Besonders wenn Starkregen auf trockene Böden fällt, besteht die Gefahr von Hochwasser, da die Böden das Wasser nicht aufnehmen können. Man müsse sich in Zukunft auf lange Perioden der Trockenheit und sehr kurze Perioden von sehr starkem Regen vorbereiten, sagte Zivilschutzminister Nello Musumeci. In 36 Stunden habe es pro Quadratmeter durchschnittlich 200 Liter Wasser geregnet, in manchen Gegenden sogar 500 Liter. Musumeci erklärte, dass es normalerweise in jenen Regionen 1000 Liter Wasser in einem ganzen Jahr regnet. Die höchste Warnstufe Rot rief der Zivilschutz auch für Donnerstag aus.

Am stärksten betroffen von dem jetzigen Unwetter waren die Provinzen Ravenna, Forlì-Cesena, Rimini und Bologna - und dort insbesondere die Städte Faenza, Cesena und Forlì, wie die italienische Feuerwehr mitteilte. Die Feuerwehr rückte zu Hunderten Einsätzen ein. Die Helfer retteten Menschen, die in ihren Häusern vom Wasser eingeschlossen waren, oder in den Wassermassen gestrandete Autofahrer.

Italien: Auch in Bologna sind nach dem Starkregen die Straßen überflutet.

Auch in Bologna sind nach dem Starkregen die Straßen überflutet.

(Foto: Sergio Agazzi/Imago/Independent Photo Agency)

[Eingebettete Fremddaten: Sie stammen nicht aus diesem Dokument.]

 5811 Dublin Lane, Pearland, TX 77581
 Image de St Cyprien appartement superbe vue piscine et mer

In der Stadt Cesena, wo der Fluss Savio über die Ufer trat, retteten die Einsatzkräfte Dutzende Menschen, die auf den Dächern ihrer Häuser festsaßen. Ganze Straßenzüge standen unter Wasser, Schlammlawinen blockierten Straßen und Felder glichen wegen der Wassermassen Seelandschaften. Eine Reihe von Fern- und Regionalstraßen war gesperrt beziehungsweise wurde für Rettungsfahrzeuge freigehalten.

In mehreren Teilen der Stadt Faenza fiel der Strom aus, auch bei den Telefonverbindungen gab es Probleme. In den betroffenen Gebieten arbeiteten auch Einsatzkräfte der italienischen Bergrettung. Eine Frau in Faenza berichtete, wie schnell sich die Wassermassen ihren Weg ebneten - innerhalb von zehn Minuten stieg das Wasser nach ihren Worten fast bis zum ersten Stock ihres Hauses. "Eine Nachbarin von mir war allein mit vier kleinen Kindern im Haus, sie rief um Hilfe und niemand kam. Wir blieben die ganze Nacht bei ihnen, im Schlafanzug. Die Kinder weinten. Eine Katastrophe", zitierte sie die Nachrichtenagentur Ansa.

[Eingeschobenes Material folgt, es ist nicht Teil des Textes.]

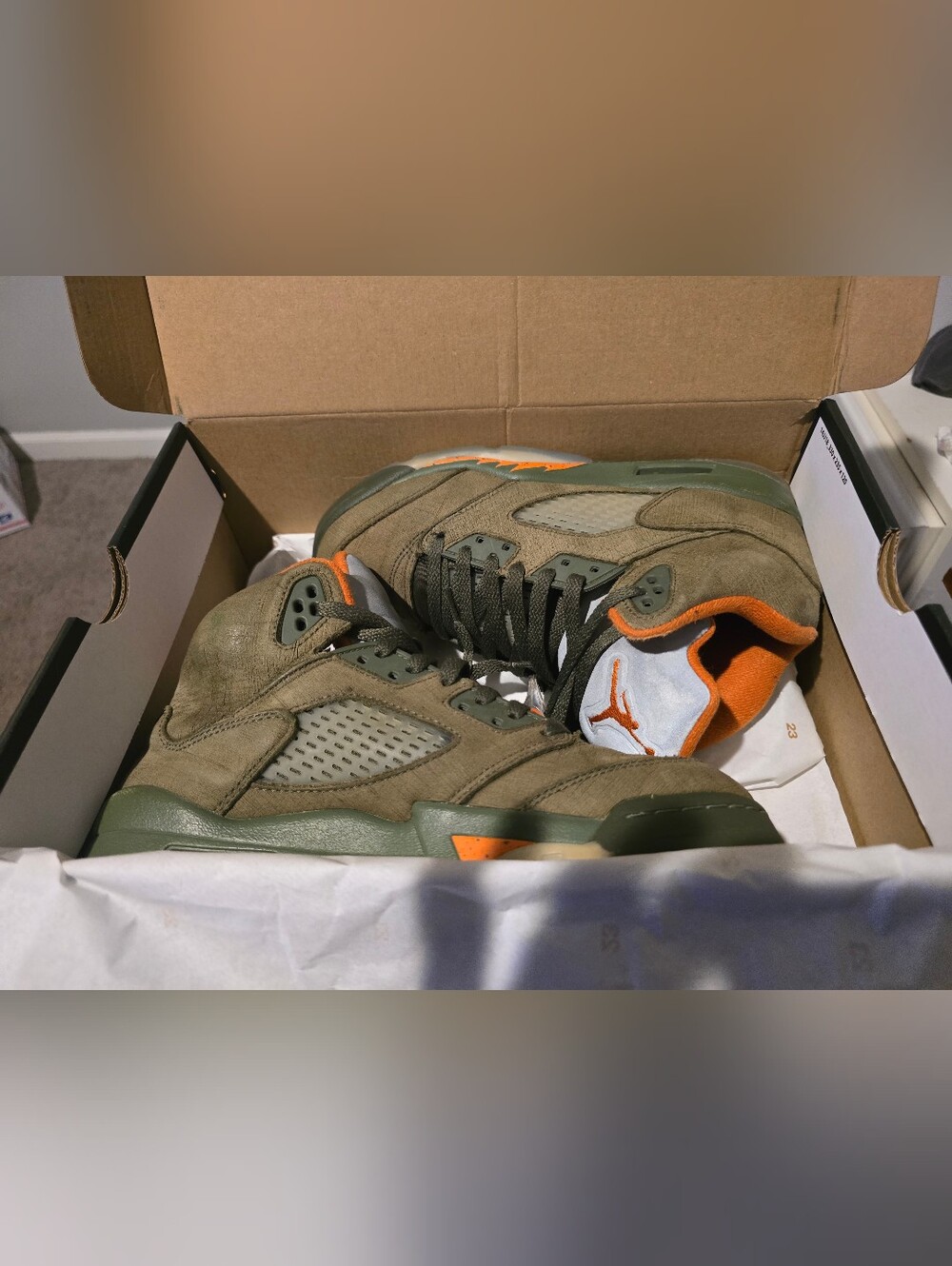 Nike Air Jordan V 5 Retro Army Olive Solar Orange Undftd DD0587-308 sz 7Y Men's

Italien: In der Stadt Cesena ist der Fluss Savio nach extremen Regenfällen über die Ufer getreten.

In der Stadt Cesena ist der Fluss Savio nach extremen Regenfällen über die Ufer getreten.

(Foto: Bernd März/dpa)

Laut Zivilschutzminister Musumeci hat die Regierung bereits zehn Millionen Euro für die ersten Ausgaben und Notfälle infolge der Überschwemmungen bewilligt. Der Zivilschutz rief die Menschen zu großer Vorsicht auf. Personen, die nicht in Sicherheit gebracht wurden, sollten sich in höhere Stockwerke begeben.

Angesichts der Lage sprach Italiens Ministerpräsidentin Giorgia Meloni den Menschen in den betroffenen Regionen ihre "volle Solidarität" aus. "Die Regierung verfolgt die Entwicklung der Ereignisse aufmerksam und ist bereit, die notwendigen Hilfsmaßnahmen zu ergreifen", schrieb sie bei Twitter.

Rennen in Imola abgesagt

Das für Sonntag angesetzte Formel-1-Rennen in Imola wurde abgesagt. "Die Entscheidung wurde getroffen, weil es nicht möglich ist, eine sichere Veranstaltung für Fans, Teams und für unser Personal zu garantieren", hieß es in der Mitteilung der Rennserie-Organisatoren. Vorausgegangen seien Gespräche mit dem Automobil-Weltverband FIA und regionalen Behörden. "Es wäre nicht richtig, den Druck auf die lokalen Behörden und Rettungskräfte in diesen schwierigen Zeiten noch weiter zu steigern." Imola liegt zwischen Bologna und Faenza.